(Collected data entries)
= = =
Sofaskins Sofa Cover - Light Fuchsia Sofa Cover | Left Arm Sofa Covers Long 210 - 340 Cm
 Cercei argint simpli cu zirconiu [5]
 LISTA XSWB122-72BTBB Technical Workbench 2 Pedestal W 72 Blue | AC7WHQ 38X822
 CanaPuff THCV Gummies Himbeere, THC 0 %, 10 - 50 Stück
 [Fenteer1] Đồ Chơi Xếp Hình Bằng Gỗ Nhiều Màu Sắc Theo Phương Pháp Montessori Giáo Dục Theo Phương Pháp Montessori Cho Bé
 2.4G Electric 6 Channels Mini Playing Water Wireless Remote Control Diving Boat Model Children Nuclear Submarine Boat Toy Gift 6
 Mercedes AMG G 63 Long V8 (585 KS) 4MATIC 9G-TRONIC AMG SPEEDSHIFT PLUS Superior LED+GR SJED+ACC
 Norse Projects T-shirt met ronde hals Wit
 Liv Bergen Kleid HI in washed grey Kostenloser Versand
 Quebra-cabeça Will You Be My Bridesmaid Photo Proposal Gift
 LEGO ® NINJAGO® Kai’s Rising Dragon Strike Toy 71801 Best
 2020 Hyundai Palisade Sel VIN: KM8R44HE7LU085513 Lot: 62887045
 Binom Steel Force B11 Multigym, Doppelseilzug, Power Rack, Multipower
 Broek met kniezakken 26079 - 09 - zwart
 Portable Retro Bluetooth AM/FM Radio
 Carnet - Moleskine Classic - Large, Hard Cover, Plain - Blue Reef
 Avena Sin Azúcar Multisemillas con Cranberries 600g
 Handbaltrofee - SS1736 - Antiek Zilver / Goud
= = =
• **Task prompt**:
Show the lines of the entries that include the string "Gift", copying each in full.

• **Written response**:
 2.4G Electric 6 Channels Mini Playing Water Wireless Remote Control Diving Boat Model Children Nuclear Submarine Boat Toy Gift 6
 Quebra-cabeça Will You Be My Bridesmaid Photo Proposal Gift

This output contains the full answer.